PROBLEM DESCRIPTION: The listing below must be repeated word for word, without its pictures.

DATA:
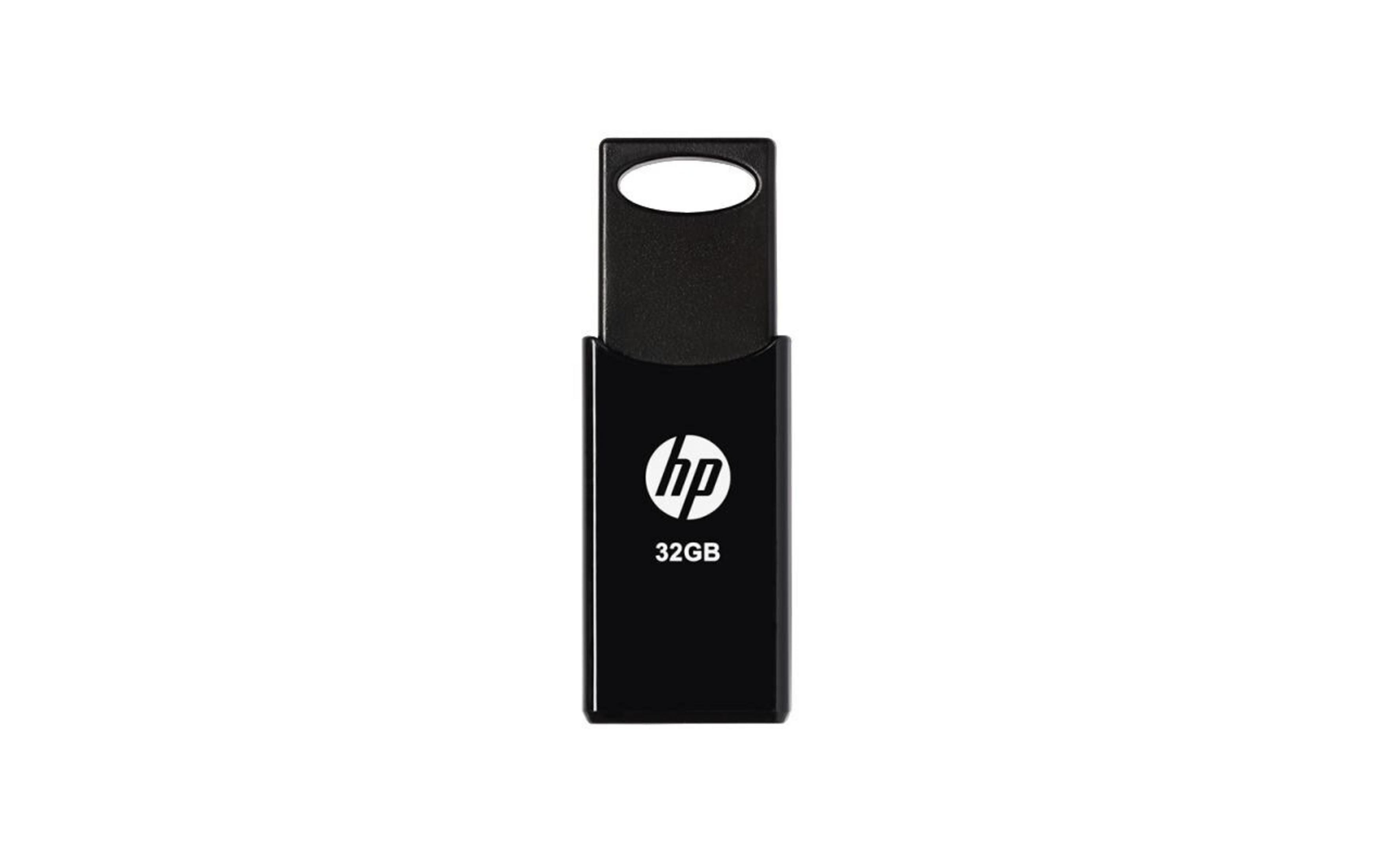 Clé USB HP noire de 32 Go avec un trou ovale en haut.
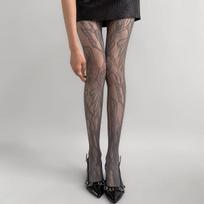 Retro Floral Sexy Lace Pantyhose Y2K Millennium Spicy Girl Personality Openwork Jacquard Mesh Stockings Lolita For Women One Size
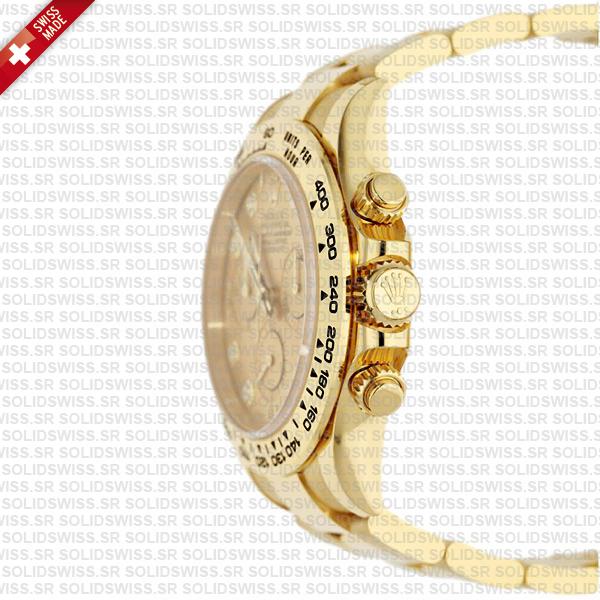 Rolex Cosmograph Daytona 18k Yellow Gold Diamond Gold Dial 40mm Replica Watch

SOLUTION TO THE PROBLEM:
 Clé USB HP noire de 32 Go avec un trou ovale en haut.
 Retro Floral Sexy Lace Pantyhose Y2K Millennium Spicy Girl Personality Openwork Jacquard Mesh Stockings Lolita For Women One Size
 Rolex Cosmograph Daytona 18k Yellow Gold Diamond Gold Dial 40mm Replica Watch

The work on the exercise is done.